▸ AIM OF THE TASK
Using the listing below, give again exactly the lines from the line with "Spies in a Small Town" to the line with "Implement Manage Understand", inclusive, without the pictures.

═════ RECORDS SUPPLIED

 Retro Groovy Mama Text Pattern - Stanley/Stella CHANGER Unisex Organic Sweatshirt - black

══════════
═════ RECORDS SUPPLIED

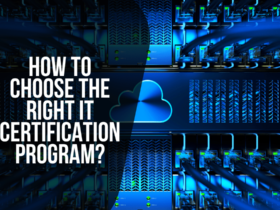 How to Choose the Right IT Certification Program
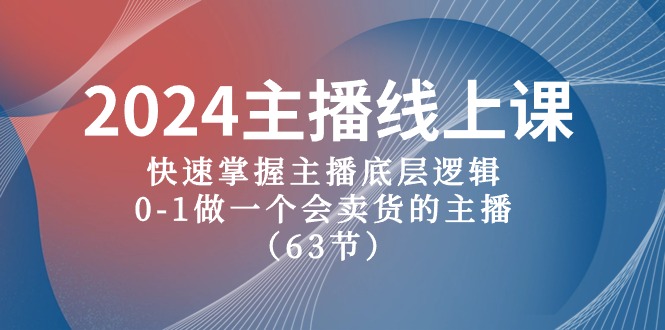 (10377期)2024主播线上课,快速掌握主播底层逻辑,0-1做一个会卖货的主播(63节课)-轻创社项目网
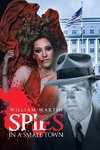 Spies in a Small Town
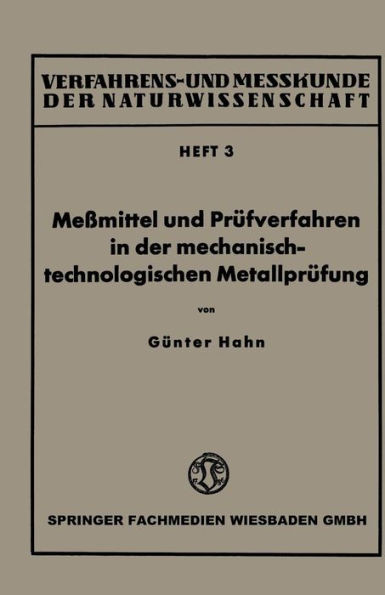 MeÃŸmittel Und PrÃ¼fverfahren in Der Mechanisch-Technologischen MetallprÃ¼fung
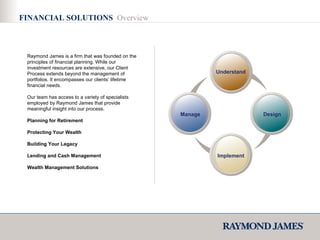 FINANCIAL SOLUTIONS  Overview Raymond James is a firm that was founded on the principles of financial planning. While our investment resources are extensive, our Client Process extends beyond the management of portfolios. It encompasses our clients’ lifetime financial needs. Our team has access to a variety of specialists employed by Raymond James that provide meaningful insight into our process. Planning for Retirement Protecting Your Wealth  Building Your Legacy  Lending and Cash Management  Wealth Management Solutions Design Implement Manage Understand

══════════

▸ RESPONSE TO THIS TASK
 Spies in a Small Town
 MeÃŸmittel Und PrÃ¼fverfahren in Der Mechanisch-Technologischen MetallprÃ¼fung
 FINANCIAL SOLUTIONS  Overview Raymond James is a firm that was founded on the principles of financial planning. While our investment resources are extensive, our Client Process extends beyond the management of portfolios. It encompasses our clients’ lifetime financial needs. Our team has access to a variety of specialists employed by Raymond James that provide meaningful insight into our process. Planning for Retirement Protecting Your Wealth  Building Your Legacy  Lending and Cash Management  Wealth Management Solutions Design Implement Manage Understand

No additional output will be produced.